A way forward for the City

Despite recent turmoil, the City of Sisters has opportunities to improve its operations and reset sometimes troubled relationships among councilors themselves and with the community at large.

It is unfortunate that Sisters is losing the services of Pauline Hardie, a capable planner who was thrust into a challenging management position and served the community diligently for seven years. In replacing the community development director, the City should seek out another capable planner who also has the management and team-building experience to rebuild the department from scratch.

The planning commission and council owes that new team clear and explicit policy direction.

Going forward, councilors must be willing to ask tough questions, challenge assumptions and push each other and staff rigorously. When seeking legal counsel, councilors should be looking for best-practices and a range of options, and not settle merely for what can be legally justified.

They must also work with each other in good faith and practice good boardsmanship. Vigorous debate and occasional split votes are good things, not things to be avoided. But once a decision is made, a councilor should respect the will of the council. The current leadership has made a commitment to ensure that no councilor feels excluded or pushed aside, and there should be no reason for frustration to lead to violations of trust among councilors.

The City's harshest critics bear a share of responsibility for the atmosphere of mistrust and anger in the local political culture.

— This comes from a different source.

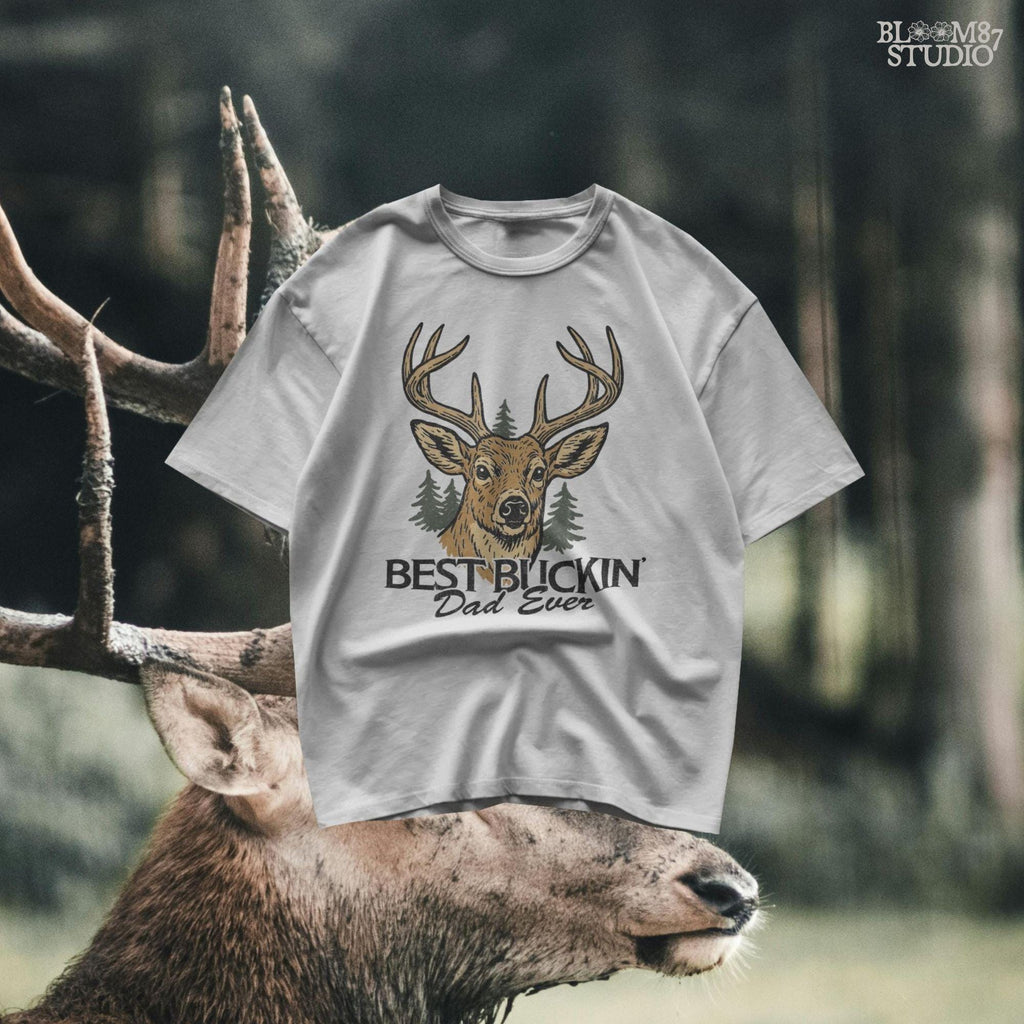 Rustic illustration of a buck deer with antlers and pine trees, text below says “Best Buckin’ Dad Ever” in bold and script font
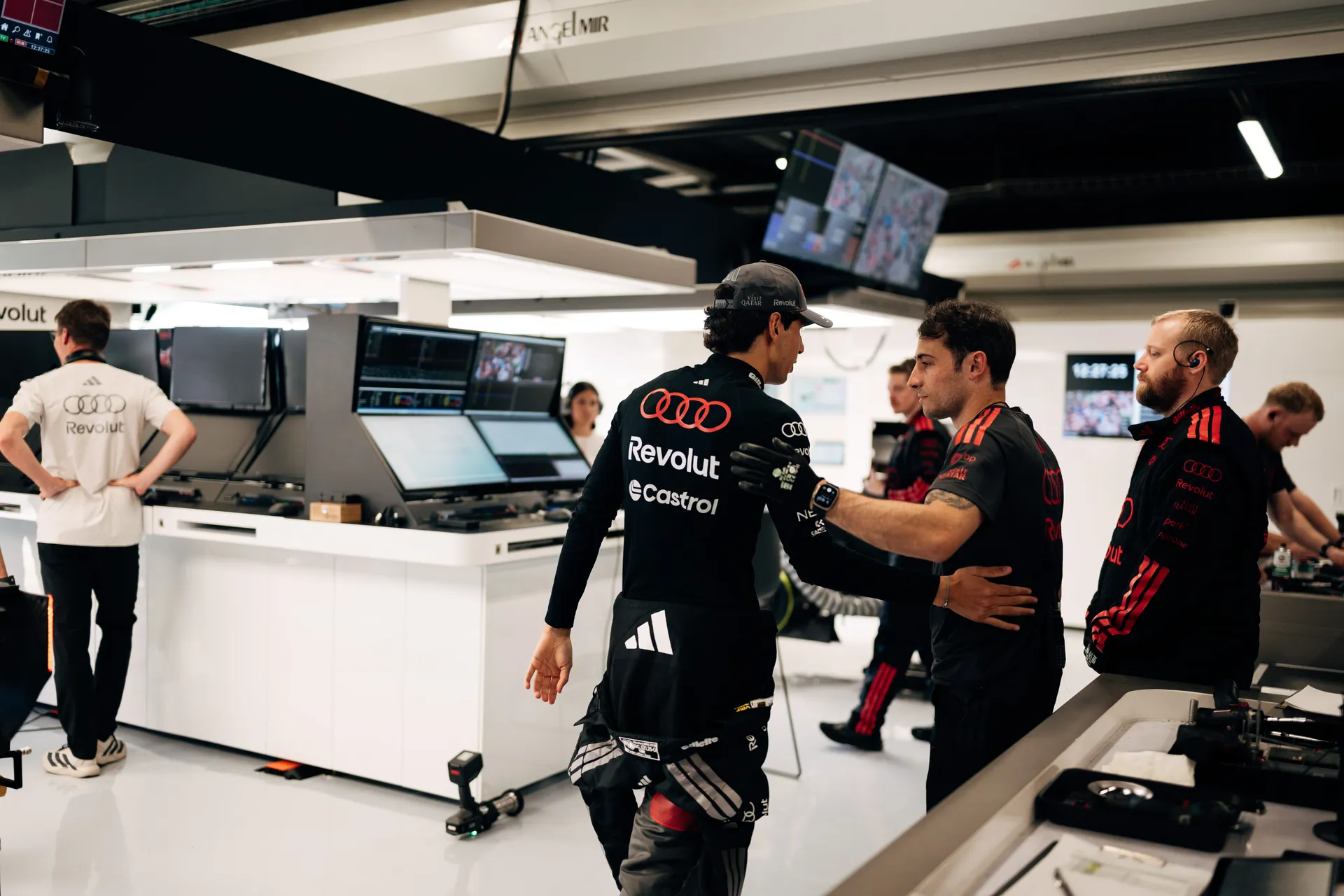 Gabriel Bortoleto entering the Audi Revolut F1® Team garage, greeted by a race engineer during pre-session preparations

Citizen watchdogs can be invaluable. Calling out error, bad practice and poor process is a worthy endeavor. And the City of Sisters sometimes deserves to be called out. However, assailing the character of those with whom critics are at odds, sometimes directly, often through insinuation and innuendo is not a worthy endeavor. It is corrosive and destructive.

Taking that route is a choice. It has consequences. It has caused many people to question their own willingness to enter the arena and subject themselves to relentless upbraiding that questions not just their actions but their character - especially since they are constrained by the imperatives of public service from responding as forthrightly as they might wish.

The City can improve the way it does business; its critics can change the way they do business, too. Both things need to happen for the benefit of the community.

Mayor Chris Frye said last week that "the goal of staff and this council is to improve transparency, better public outreach, engage the community, and work at ensuring good process is being followed." He continued, "As we improve in these areas, I expect the climate to change. To receive trust we first must earn trust, and we understand that takes time."

Every citizen of the Sisters community should be pulling for the council to succeed in achieving those goals. Those who want to see positive outcomes can do a service of their own: Question actions, not integrity; encourage positive actions; challenge those you disagree with while respecting the possibility that there may be more than one valid and honorable point of view.

Come to the table with a problem, sure. Try to bring along a solution, too. The volunteers who serve you could use the help.